Which child do you think feels more secure now? Which child do you think has just been taught to fear and distrust adults? Which child was treated like a human being with thoughts and anxieties that deserve respect? Which was treated well? Which was treated poorly?
The reason women are so very angry right now is that society has been that second parent to us for centuries. Despite the fact that ¼ of us will be raped in our lifetimes, despite the fact that even more than that will be harassed or stalked or assaulted or terrorized, society keep screaming at us, “There is no monster/rapist in the closet! Now shut up and fuck off!” Because rape and harassment don’t always have witnesses. And for so many people, if it can’t be seen, it doesn’t exist.
But what would it be like if society behaved more like the first parent? What if our government and our culture acknowledged that there’s a scary monster, and we can’t always prove it, but it’s a problem we women (and men too!) are having that needs to be addressed? What if they commit to brainstorming and working to find some solutions, from changing the culture, to better law enforcement, to educating citizens?
Frankly, I believe Doctor Ford, and I believe Brett Kavanaugh. Just as you don’t have to believe IN the monsters to believe the child, I don’t have to disbelieve one party in order to believe the other. Believing both is absolutely possible, and believing women’s stories of assault does not mean automatically convicting the men they accuse. I believe he did assault her, just as she recalls, but he doesn’t remember the incident at all, both because that sort of thing was common and socially accepted back then (though still both morally wrong and illegal), and because he did drink heavily according to many of his friends.
But what if he believed her? What if Brett Kavanaugh said this:
“I don’t remember that at all, but I believe you. I believe it’s possible, no…probable, since you are so certain it was me, that I did something to harm you. After all, I did drink a lot back then, and I don’t recall every moment perfectly, so it is possible that I assaulted you. And I am so very sorry. I really didn’t mean to hurt anyone. And I know that an apology doesn’t help much, but I do apologize, and I will be sure it can never happen again. I will limit my drinking, and when I do drink, I will always have a sober friend around. I will change, because an apology isn’t enough. True remorse demands change.”
I’d respect the hell out of him if he said that. If he said something like that, I could honestly say, “I don’t like his politics, but I think he’s a good person.” But he didn’t say that, because he’s not a good person. And he’s not a good person because he doesn’t empathize with others, and he does not give people the respect they deserve as fellow human beings.

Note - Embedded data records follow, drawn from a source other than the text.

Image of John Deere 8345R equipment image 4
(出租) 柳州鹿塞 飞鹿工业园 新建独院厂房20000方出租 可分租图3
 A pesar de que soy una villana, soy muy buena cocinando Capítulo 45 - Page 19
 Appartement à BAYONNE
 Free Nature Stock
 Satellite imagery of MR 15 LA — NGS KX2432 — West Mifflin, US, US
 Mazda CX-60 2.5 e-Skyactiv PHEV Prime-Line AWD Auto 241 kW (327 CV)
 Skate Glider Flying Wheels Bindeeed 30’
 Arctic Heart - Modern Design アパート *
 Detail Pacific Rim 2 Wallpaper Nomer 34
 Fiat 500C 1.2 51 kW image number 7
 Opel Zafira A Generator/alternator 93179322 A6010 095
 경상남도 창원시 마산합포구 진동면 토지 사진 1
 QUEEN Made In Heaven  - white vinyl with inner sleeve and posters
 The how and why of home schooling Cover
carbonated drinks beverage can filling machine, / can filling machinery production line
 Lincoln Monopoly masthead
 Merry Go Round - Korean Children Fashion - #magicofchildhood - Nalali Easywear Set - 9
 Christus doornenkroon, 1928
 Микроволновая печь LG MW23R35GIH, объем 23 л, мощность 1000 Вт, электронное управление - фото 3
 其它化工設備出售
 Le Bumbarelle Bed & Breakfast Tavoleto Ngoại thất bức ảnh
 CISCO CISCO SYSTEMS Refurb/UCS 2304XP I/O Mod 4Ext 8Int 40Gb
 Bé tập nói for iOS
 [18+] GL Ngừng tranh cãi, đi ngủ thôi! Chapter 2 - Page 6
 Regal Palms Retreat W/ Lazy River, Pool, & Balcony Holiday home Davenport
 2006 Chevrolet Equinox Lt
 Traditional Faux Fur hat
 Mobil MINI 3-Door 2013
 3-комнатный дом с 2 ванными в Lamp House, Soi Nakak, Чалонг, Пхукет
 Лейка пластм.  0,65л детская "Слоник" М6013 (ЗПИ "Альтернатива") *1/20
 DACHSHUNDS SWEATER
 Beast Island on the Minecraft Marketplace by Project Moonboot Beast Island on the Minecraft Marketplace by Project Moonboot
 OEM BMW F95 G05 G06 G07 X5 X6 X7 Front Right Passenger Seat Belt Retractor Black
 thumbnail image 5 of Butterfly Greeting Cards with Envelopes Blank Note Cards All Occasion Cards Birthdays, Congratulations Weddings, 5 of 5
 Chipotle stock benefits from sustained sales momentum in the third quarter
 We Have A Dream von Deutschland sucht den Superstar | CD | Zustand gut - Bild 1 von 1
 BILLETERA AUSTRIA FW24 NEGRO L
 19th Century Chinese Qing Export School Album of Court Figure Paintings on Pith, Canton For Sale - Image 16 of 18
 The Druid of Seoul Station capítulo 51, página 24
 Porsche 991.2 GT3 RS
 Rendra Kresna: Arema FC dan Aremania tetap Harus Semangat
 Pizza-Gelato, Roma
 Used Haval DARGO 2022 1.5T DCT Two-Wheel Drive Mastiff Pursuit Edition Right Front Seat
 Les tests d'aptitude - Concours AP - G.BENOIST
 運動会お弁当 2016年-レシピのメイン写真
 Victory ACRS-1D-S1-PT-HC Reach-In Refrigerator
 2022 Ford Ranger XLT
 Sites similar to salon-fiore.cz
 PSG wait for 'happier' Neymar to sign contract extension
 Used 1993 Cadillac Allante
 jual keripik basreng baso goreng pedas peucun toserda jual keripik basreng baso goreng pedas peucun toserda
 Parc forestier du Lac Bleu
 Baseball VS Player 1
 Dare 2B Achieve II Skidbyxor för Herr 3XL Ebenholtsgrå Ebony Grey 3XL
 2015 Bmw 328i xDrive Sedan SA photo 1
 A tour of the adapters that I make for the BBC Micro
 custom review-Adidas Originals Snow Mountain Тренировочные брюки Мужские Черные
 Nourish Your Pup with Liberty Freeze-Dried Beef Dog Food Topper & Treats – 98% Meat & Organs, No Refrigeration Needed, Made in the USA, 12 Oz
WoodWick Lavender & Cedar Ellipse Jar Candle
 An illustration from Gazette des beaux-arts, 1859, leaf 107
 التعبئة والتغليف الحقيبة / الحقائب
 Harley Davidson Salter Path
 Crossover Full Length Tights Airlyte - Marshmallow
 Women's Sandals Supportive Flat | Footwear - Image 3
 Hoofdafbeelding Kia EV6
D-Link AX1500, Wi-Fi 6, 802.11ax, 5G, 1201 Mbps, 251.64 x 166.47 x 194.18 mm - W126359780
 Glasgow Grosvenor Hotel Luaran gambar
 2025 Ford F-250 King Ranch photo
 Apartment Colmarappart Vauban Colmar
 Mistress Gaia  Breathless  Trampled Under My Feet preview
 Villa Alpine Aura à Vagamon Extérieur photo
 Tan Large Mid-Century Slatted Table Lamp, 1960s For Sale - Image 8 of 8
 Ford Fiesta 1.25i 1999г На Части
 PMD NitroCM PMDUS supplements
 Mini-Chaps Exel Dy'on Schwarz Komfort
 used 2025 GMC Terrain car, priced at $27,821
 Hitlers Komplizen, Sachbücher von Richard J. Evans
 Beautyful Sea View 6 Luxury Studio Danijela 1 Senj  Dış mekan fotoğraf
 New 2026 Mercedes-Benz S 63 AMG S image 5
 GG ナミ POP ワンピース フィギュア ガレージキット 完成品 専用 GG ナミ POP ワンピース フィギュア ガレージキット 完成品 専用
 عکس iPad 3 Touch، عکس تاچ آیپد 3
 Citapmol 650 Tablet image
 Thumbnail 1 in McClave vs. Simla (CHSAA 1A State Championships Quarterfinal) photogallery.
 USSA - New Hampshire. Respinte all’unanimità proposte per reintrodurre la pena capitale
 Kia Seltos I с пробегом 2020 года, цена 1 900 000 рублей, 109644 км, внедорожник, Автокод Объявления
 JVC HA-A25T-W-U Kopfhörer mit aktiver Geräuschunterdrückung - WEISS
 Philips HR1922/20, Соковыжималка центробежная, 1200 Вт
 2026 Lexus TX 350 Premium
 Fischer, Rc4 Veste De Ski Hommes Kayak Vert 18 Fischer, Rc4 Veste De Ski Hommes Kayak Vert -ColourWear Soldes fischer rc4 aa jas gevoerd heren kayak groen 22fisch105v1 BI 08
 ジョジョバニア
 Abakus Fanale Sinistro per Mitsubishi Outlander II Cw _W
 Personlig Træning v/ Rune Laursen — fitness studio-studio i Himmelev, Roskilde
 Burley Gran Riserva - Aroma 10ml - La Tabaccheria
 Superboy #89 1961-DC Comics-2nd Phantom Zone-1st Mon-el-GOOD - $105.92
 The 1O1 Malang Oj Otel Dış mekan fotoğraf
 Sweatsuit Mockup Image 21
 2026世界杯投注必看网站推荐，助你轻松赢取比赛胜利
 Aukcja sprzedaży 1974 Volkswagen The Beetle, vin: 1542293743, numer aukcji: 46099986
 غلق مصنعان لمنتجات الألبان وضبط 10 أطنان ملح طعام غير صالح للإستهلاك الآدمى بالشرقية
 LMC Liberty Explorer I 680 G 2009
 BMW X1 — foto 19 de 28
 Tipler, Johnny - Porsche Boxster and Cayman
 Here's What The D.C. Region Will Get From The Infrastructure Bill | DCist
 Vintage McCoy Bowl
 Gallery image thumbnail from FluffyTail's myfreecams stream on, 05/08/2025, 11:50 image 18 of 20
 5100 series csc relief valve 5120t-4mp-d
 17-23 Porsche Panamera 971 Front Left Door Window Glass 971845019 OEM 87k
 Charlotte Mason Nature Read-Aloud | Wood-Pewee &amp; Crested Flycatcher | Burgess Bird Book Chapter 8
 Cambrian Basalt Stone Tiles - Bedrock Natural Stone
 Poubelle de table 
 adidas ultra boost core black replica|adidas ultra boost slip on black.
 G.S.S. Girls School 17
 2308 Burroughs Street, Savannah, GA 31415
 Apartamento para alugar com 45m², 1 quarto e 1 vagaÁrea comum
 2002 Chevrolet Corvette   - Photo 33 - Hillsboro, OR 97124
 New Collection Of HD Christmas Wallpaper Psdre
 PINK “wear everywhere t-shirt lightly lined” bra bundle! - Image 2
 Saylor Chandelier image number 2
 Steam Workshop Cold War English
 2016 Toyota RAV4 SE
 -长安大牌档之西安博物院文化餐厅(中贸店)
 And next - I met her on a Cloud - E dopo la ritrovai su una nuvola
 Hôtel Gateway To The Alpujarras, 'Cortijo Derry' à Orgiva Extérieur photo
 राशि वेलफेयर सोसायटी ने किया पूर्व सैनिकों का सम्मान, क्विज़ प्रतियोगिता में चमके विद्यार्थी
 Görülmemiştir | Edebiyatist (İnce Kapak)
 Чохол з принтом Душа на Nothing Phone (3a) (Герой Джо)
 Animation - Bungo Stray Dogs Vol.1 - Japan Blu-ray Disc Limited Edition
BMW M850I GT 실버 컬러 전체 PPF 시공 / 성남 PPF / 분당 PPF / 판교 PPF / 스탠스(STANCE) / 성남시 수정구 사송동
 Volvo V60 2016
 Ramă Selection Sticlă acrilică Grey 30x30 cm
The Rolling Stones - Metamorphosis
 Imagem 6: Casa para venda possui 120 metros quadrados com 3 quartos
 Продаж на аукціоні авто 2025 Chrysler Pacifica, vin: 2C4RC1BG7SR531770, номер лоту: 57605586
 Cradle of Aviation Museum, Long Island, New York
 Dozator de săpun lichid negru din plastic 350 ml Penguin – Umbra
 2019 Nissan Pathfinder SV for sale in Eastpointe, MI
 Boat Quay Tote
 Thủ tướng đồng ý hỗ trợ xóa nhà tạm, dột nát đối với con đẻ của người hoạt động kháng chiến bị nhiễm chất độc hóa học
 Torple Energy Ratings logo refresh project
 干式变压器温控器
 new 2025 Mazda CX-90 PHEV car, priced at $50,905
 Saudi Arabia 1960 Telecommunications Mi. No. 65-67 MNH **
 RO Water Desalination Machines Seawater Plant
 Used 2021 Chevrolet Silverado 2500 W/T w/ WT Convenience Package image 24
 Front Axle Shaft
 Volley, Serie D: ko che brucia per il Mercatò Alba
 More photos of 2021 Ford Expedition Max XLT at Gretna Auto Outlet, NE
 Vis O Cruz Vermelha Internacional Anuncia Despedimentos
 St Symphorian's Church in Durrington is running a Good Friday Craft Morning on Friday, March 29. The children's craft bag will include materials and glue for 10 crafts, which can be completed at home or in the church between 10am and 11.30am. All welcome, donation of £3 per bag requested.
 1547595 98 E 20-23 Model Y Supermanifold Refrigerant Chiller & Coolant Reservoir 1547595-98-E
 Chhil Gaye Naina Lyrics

Because that’s what “believe women” boils down to. Believing other people’s stories of trauma means believing that the thing they feel so strongly about deserves to be addressed in some way. It’s having some ability to put yourself in other people’s shoes, to see events through their eyes. It’s about respecting our fellow human beings and really listening to what they have to say. And it’s a courtesy we’ve denied women and their stories of assault and trauma for far too long.